*** Given records ***

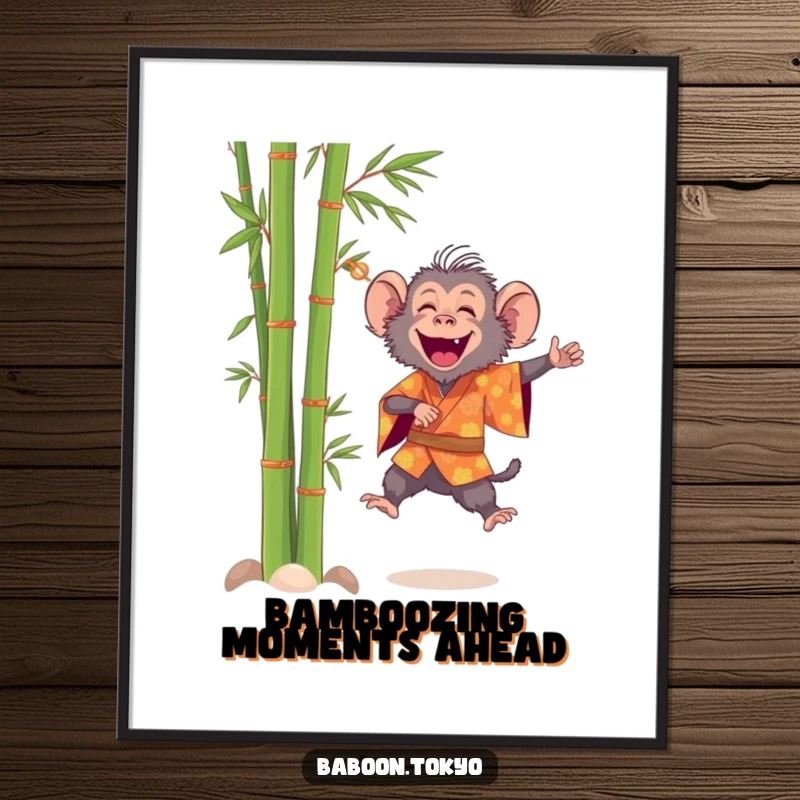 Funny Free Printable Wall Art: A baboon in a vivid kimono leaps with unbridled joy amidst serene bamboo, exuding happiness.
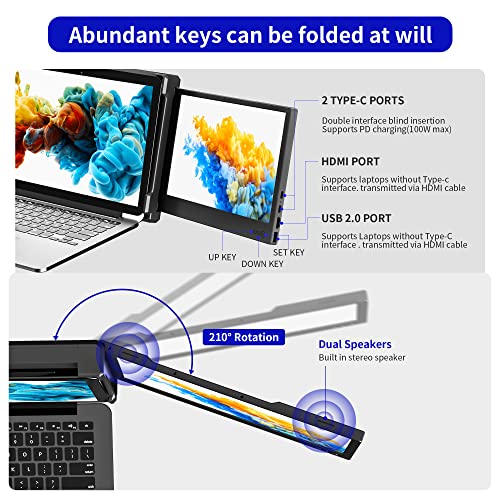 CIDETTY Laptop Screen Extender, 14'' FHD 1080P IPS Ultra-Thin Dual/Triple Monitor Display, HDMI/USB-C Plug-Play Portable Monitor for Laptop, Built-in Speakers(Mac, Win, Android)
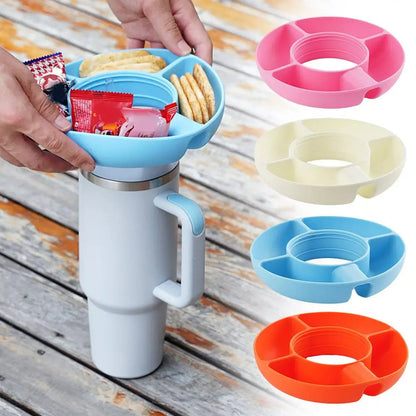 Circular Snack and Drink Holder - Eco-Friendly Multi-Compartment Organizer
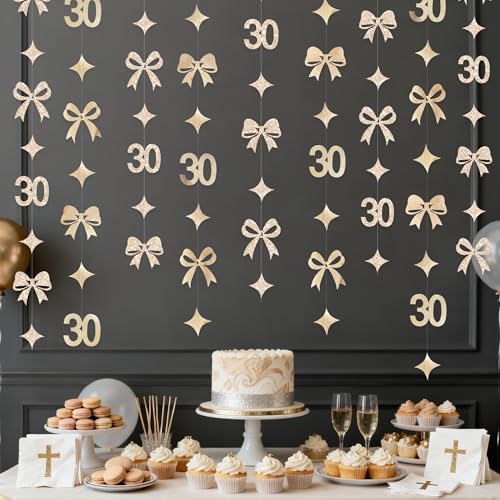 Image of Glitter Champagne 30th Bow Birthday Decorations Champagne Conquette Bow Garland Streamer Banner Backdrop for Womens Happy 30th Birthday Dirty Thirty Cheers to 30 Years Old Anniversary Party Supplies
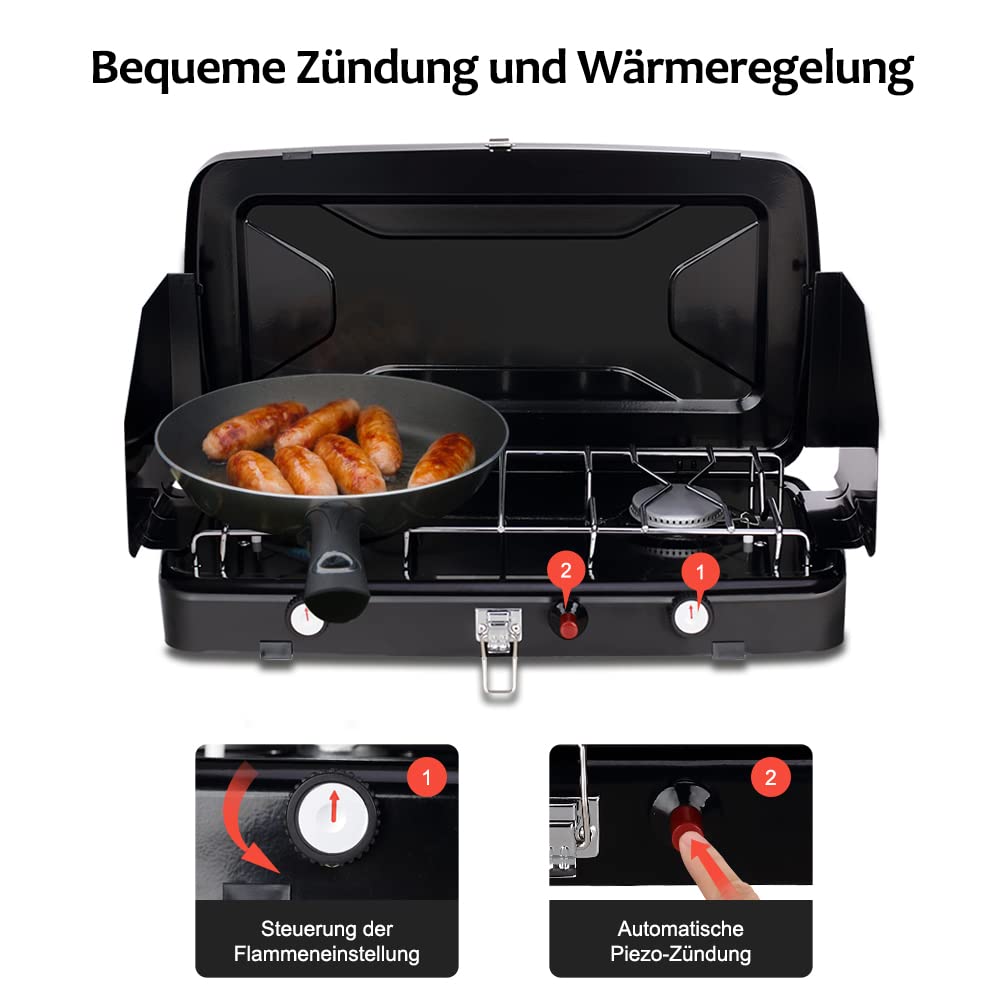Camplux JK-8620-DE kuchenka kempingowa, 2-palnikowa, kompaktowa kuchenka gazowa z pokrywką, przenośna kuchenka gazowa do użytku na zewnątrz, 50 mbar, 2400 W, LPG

***
*** Given records ***

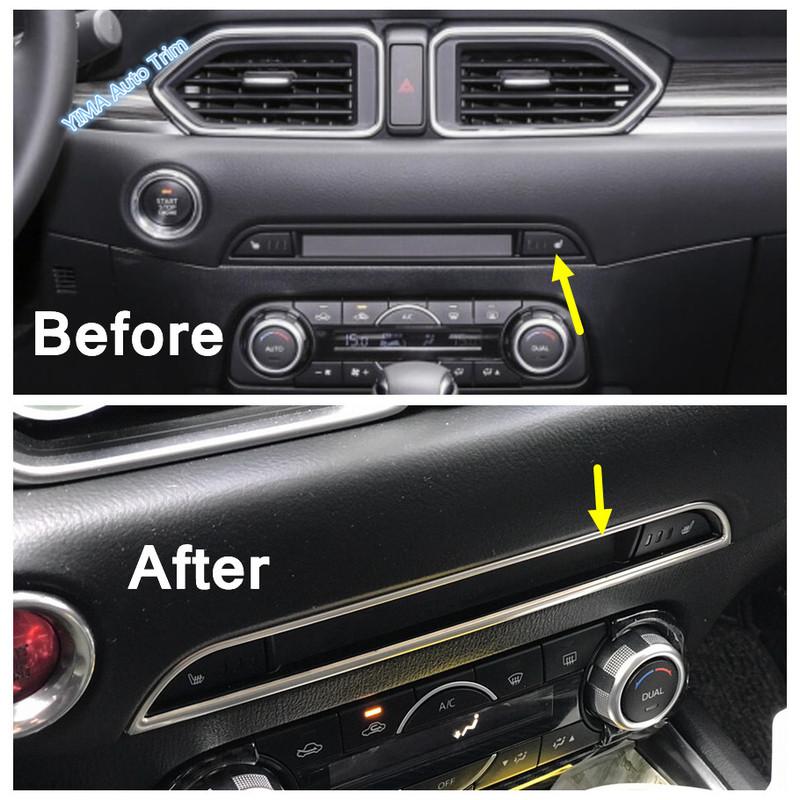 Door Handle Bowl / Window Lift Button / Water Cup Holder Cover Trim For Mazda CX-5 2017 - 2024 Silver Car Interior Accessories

***

■ What to work on:
From the records above, quote word for word only the lines beginning at the line that has "CIDETTY Laptop Screen" and stopping after the line that has "Circular Snack and". Omit the pictures.

■ Solved exercise:
 CIDETTY Laptop Screen Extender, 14'' FHD 1080P IPS Ultra-Thin Dual/Triple Monitor Display, HDMI/USB-C Plug-Play Portable Monitor for Laptop, Built-in Speakers(Mac, Win, Android)
 Circular Snack and Drink Holder - Eco-Friendly Multi-Compartment Organizer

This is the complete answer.